Big institutional investors still tend to ignore the smallest companies. As a result, there are lots of microcap stocks that receive little-to-no coverage on Wall Street. These stocks may be trading at a sharp discount to their fundamental value. Such inefficiency creates opportunities for investors who can separate the poorly-run from the promising companies.
That’s Bond’s overarching strategy with his Boole fund.
Sifting through reports, news articles and even calling management can help the savvy investor identify one stock that is a high-growth company setting the pace in its industry, or it could be a formerly large-cap stock heading the way of the dinosaurs. Between them, only one is likely to be a superior investment.
From a retail investor’s standpoint, identifying potential penny stock winners takes work. Few companies classified as microcaps are the focus of any significant, ongoing analysis by Wall Street. Microcap investors have to roll up their sleeves and do their own research.
It takes time. An apt analogy might be the prospector panning patiently for gold in the Yukon – except it’s not as cold.
Once Bond has evaluated the fundamentals of a microcap company he is considering for investment, the next step involves a deep dive into the financial statements, making adjustments based on any non-recurring items or hidden liabilities. Stocks are then re-ranked on every measure using the updated data.
Finally, each stock receives a combined score based on the rankings. It’s a rigorous, data-driven approach.
The Boole Microcap Fund at any given time maintains roughly 10-20 positions in the portfolio. The size of each position is determined by its rank. Typically the largest position is 15-20% (at cost), while the average position is 8-10% (at cost). Positions are held for 3 to 5 years unless a stock approaches intrinsic value sooner or an error is discovered.
Bond in an interview offered some insight into his own investment strategies and why microcaps, chosen carefully, can out-perform the NYSE, Nasdaq and indexes such as the S&P 500.
State of play in microcaps broadly
“Microcap stocks have a relatively low correlation with the broader stock market. There are always some individual microcap stocks that can do well even during a bear market. (Last year, my fund increased 36.5% even though the S&P 500 index declined 20%.)”
Impact of the Fed raising interest rates
“Higher interest rates mean higher borrowing costs for microcap companies. If you focus on microcap companies with low debt — as I do (following Warren Buffett’s example) — then this is less of an issue.”

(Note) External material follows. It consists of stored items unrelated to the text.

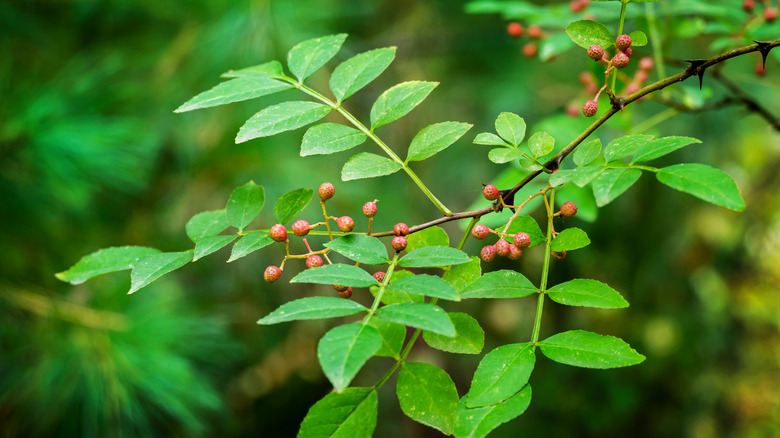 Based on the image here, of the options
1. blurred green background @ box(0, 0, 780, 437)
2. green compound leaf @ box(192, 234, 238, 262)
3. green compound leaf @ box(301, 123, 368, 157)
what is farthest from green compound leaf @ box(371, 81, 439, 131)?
blurred green background @ box(0, 0, 780, 437)

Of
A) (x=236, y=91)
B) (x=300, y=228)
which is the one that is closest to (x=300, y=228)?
(x=300, y=228)

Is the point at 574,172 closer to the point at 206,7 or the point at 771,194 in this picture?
the point at 206,7

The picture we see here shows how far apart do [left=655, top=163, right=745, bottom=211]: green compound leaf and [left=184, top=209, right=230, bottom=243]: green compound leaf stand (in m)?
0.27

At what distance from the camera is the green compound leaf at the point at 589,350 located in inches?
10.6

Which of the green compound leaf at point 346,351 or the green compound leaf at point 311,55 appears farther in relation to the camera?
the green compound leaf at point 311,55

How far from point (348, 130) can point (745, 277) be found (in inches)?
77.8

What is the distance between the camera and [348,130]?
348 mm

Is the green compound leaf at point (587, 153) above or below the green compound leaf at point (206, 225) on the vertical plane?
above

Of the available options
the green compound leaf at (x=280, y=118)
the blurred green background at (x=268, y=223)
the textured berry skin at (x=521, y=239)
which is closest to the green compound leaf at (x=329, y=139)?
the green compound leaf at (x=280, y=118)

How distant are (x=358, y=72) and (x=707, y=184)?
23 cm

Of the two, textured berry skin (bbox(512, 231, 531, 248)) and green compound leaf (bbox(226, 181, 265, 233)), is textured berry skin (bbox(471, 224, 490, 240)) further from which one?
green compound leaf (bbox(226, 181, 265, 233))

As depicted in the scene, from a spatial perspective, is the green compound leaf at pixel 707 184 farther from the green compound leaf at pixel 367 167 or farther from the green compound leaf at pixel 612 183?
the green compound leaf at pixel 367 167

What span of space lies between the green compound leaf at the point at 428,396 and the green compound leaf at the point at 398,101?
16 centimetres

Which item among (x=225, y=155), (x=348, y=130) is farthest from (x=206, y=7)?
(x=348, y=130) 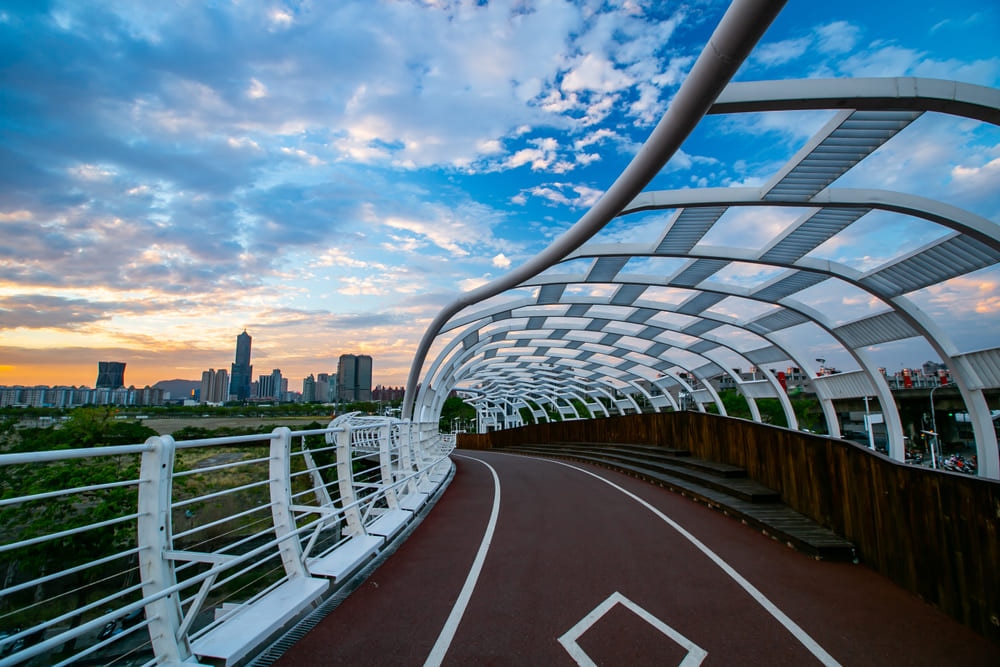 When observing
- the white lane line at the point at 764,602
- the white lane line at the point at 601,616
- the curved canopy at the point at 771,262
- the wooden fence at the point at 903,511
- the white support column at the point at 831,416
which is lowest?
the white lane line at the point at 764,602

A general overview of the Boole Microcap Fund investment strategy
“I am a quantitative deep value investor following a strategy similar to that used by early Warren Buffett. We rank how cheap microcap stocks are based on P/E, P/B, P/CF, P/S, and EV/EBITDA. We then rank microcap stocks based on improving fundamentals. Finally, we rank them based on high shareholder yield, high insider ownership, insider buying, high ROE, low debt, and relative strength.”
At a Glance: Boole Microcap Fund Performance Since Inception (June 9, 2020):
Boole Microcap Fund/Russell Microcap/S&P 500
2022 net return 36.5% -22.9% -20.0%
2021 net return 42.0% 18.3% 28.8%
2020 net return from inception 12.7% 31.7% 16.3%
Compounded annual return (net) 29.7% 6.3% 6.2%
Overall gain (net) 118.4% 20.1% 19.9%.